After arriving, while waiting for our baggage, John and I discussed at length what we should tell the customs agent we were doing in Switzerland. John thought we should simply state that we were visiting the particle accelerator (CERN), and staying at the address he had in his pocket. Now I, (always the honest one) insisted that we divulge our entire travel plan, no matter how loose (Geneva, Paris, Prague... and then whatever else we have time for). I eventually won. This was probably because John hadn't slept a wink on the flight. We went up to the customs agent, he said "Hello," (knowing we were American) then stamped our passports and let us through. John turned to me and said, "Well, I think we handled the intense interrogation quite well." I had to agree.

Jorge and his wife Edith picked us up from the airport and vowed not to let us sleep the whole day in order to help us avoid jet-lag. Their first task, making us espresso. Delicious. They completely succeeded because 12 hours later it is 9:09 PM and we are wide awake and about to have some amazing dinner. I'll tell you more about our day in Geneva later, but right now I want to sit on the veranda and drink some wine with my friends.

I will however leave you with one image. What do you think our first meal in Switzerland was this morning? Remember, I'm staying with Jorge.























In his defense... this is exactly the meal I asked for.

Saturday, August 8, 2009

Cassandra the Hot Sauce Mule

I love getting packages. I received all of these packages in the past week and just looking at them all makes me very, very happy. Unfortunately, even though they all have my name and address neatly printed on them, none actually contain anything "for me". Well I suppose they are "for me" in the sense that they are "for me" to bring to my friend Jorge and his wife in Genvea. Apparently it costs something ridiculous to ship anything of any size over to Europe these days, and so when Jorge wanted to buy an American backpack, he decided it would be in his best interest to get one of his friends to bring it back from the states for him. That friend, (after friend #1 said no) turned out to be me. Probably immediately after Jorge purchased this item, he realized: "Hey, if Cass is going to bring me over a backpack, it might as well be a FULL backpack." And so started his requests for relatives and neighbors to send me various things to pack for him, and I ended up with the pile of packages you see here.

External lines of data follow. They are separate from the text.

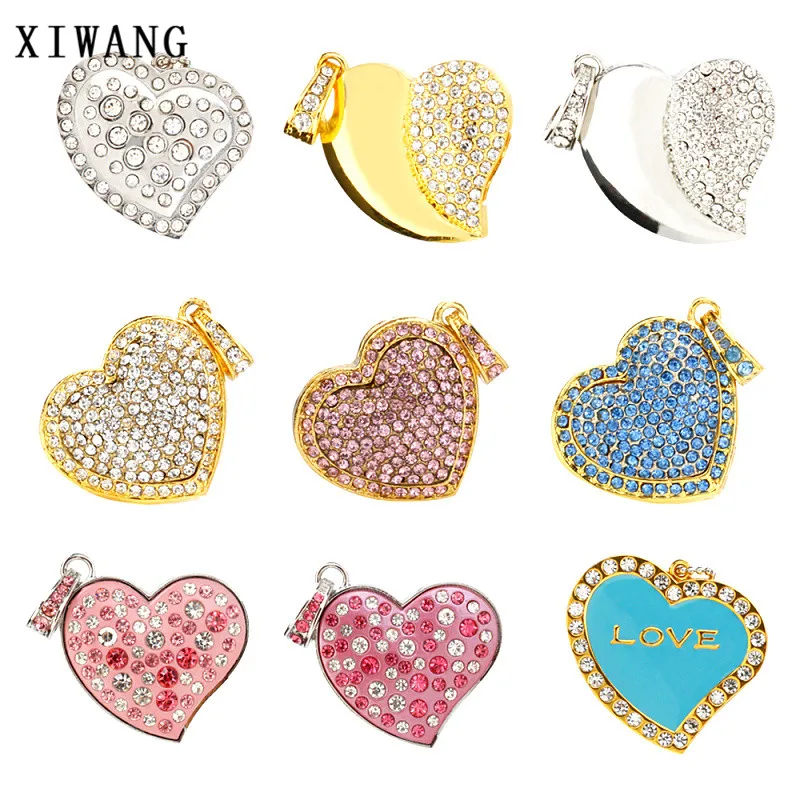 

Usb flash drive 32gb diamond crystal necklace pen drive 128GB 64GB 16GB 8GB 4GB usb stick metal couple love gift free shipping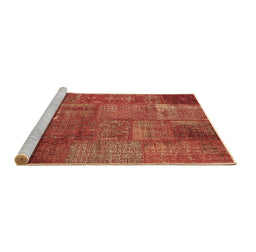 Sideview of Machine Washable Patchwork Brown Transitional Rug, wshcon2684brn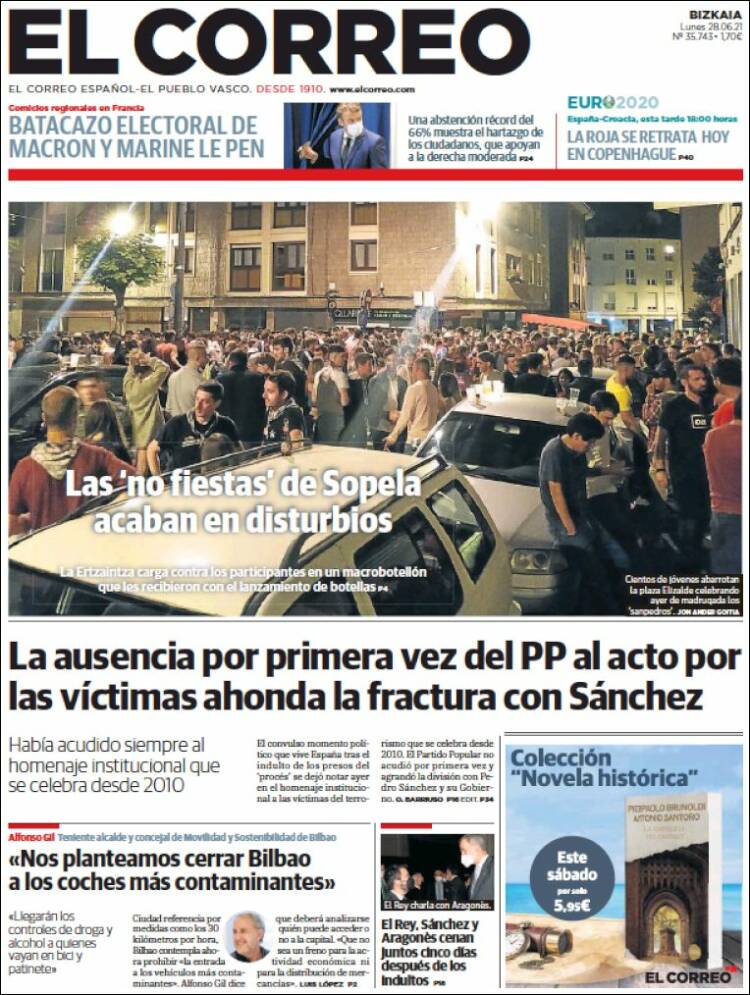 Portada de El Correo (España)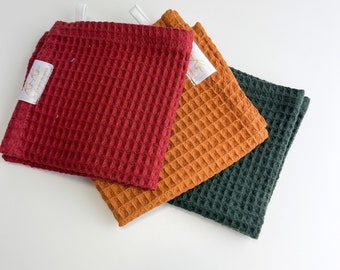 Waffle Linen washcloth, Linen towel, Waffle towel, dish towels with loop, Eco friendly, Waffle cotton towel, Guest hand towel,  Table Napkin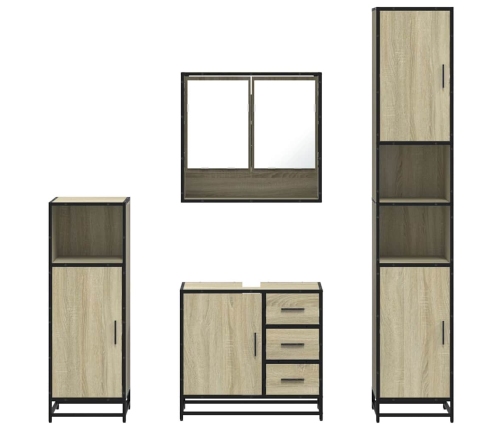 Set de muebles baño 4 pzas madera contrachapada roble ahumado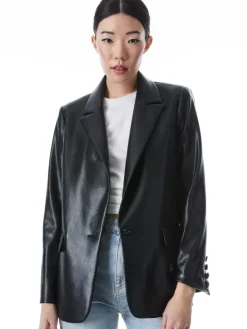 Women Alice and Olivia Denny Vegan Leather Notch Collar Blazer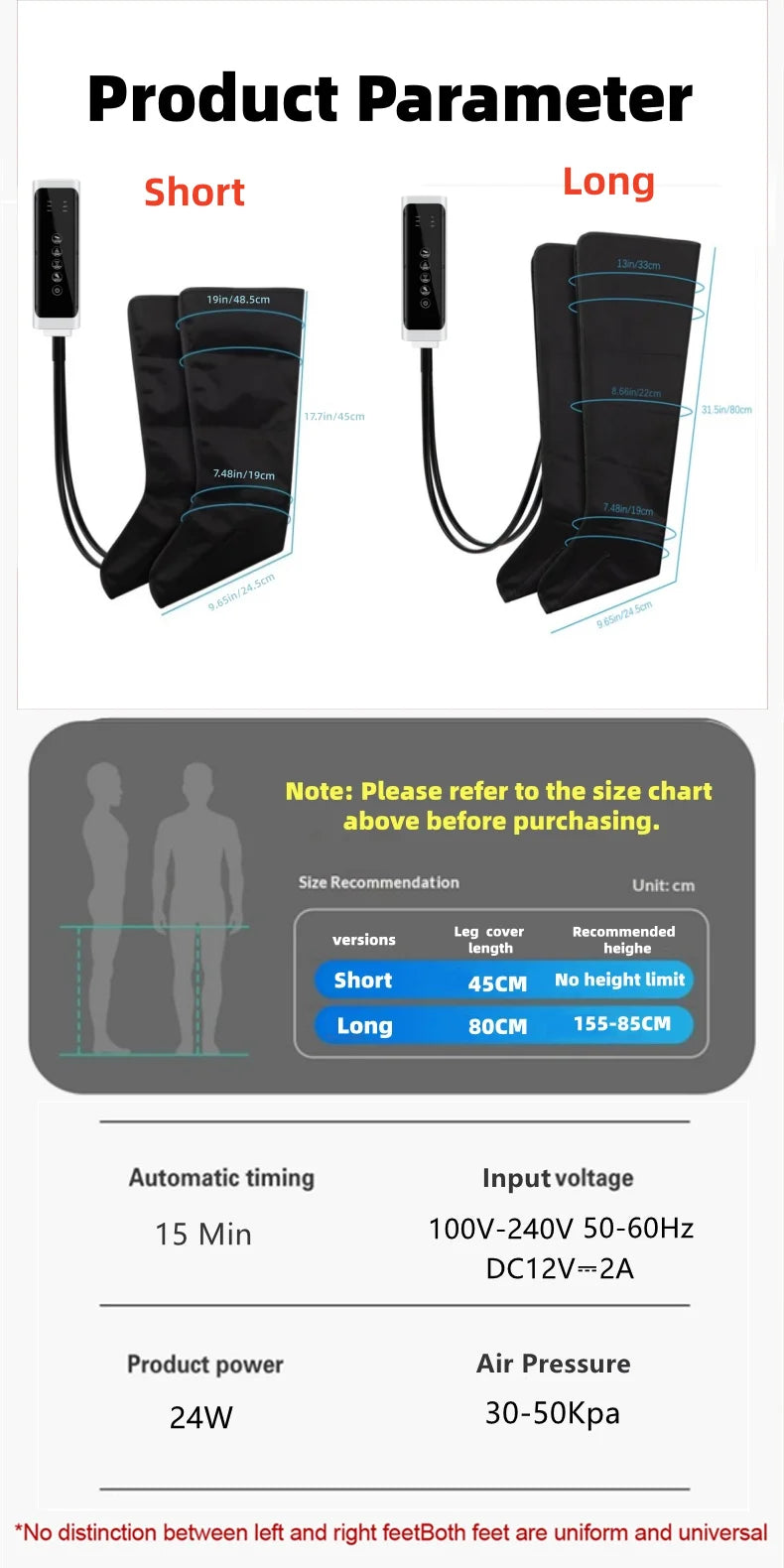 Botas Massageadoras de Compressão de Ar para Pernas e Pés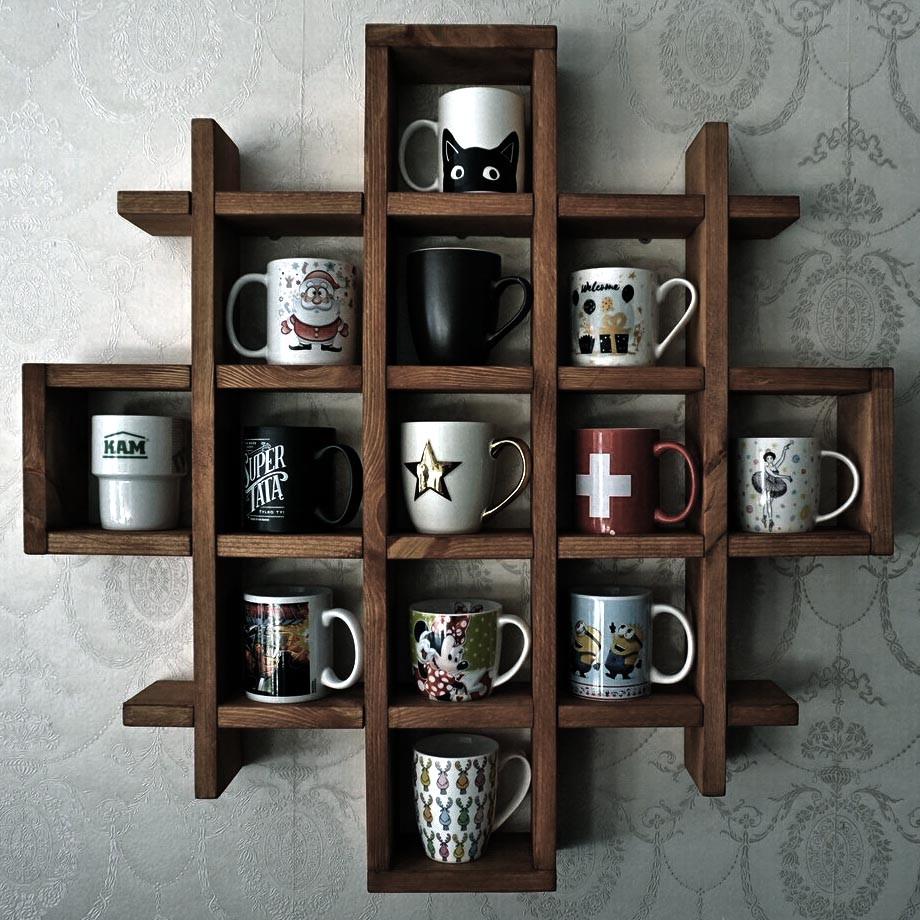 Полка для кружек из дерева Бавра Капучино (СДК-002209)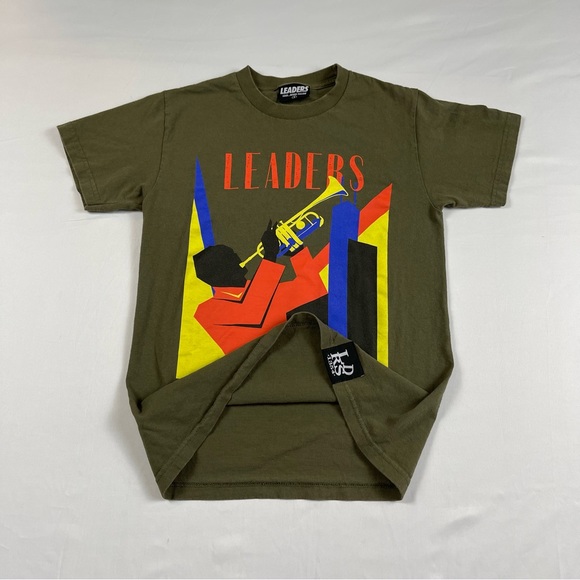 LEADERS 1354 CHICAGO LDRS "DECO" TEE SHIRT Green Made In USA Size:Small - Picture 2 of 16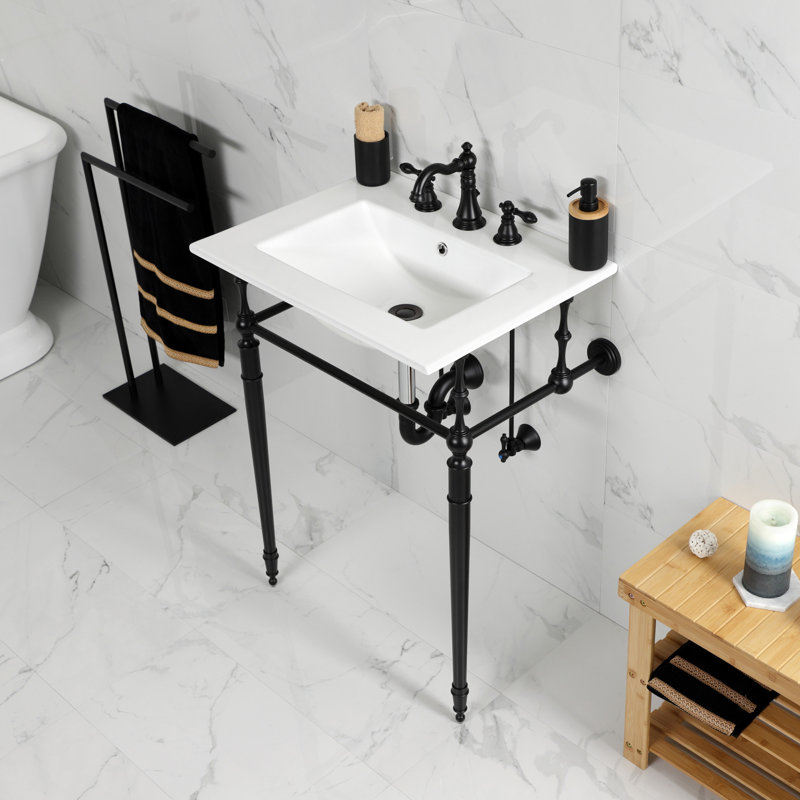 Lavabo de salle de bain console Edwardian, Noir mat, Centres de 8 po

As you can probably tell, the boxes weren't going to fit in the backpack the way they were, so I had to open them. (Also, I decided that it would probably be a good idea to know what exactly I was carrying between foreign countries.) Not surprisingly, aside from a few personal items, the packages contained largely foodstuffs the couple had a hard time getting in Europe. I suppose I shouldn't judge because I've never been away from the U.S. for any length of time before, so I have no idea what I would crave over there (and we all know how cranky I can be about any bagel that isn't up to par), but is this not the most American list of foods you've ever seen??


  • Cheetos
  • beef jerky
  • shrimp flavored Ramen noodles
  • hot sauce (Did you know they sold it in 32 oz bottles?)

Here is an abbreviated version of the email I sent Jorge:


Dear Jorge,
Do you guys really need 7 bottles of hot sauce? I'm not sure the 25 packages of ramen noodles will be enough to cushion them.
Let me know,
Cassandra
P.S. Also, please tell me if the throng of truckers you're hosting will interfere with my plan to sleep on your floor. Thanks!


His Response:


Cass,
There must have been a miscommunication with our suppliers. You can keep the 32oz bottle of hot sauce (that's too much for us!) just bring the other 6 bottles.
Thanks again,
Jorge



And if you think I'm kidding about the Ramen... have another look.



You might notice my newly inherited 32oz bottle of hot sauce buried in there. What can you do with 32 oz of hot sauce? Make chili for 320 people? Hot sauce eating contest? Please people, let me know!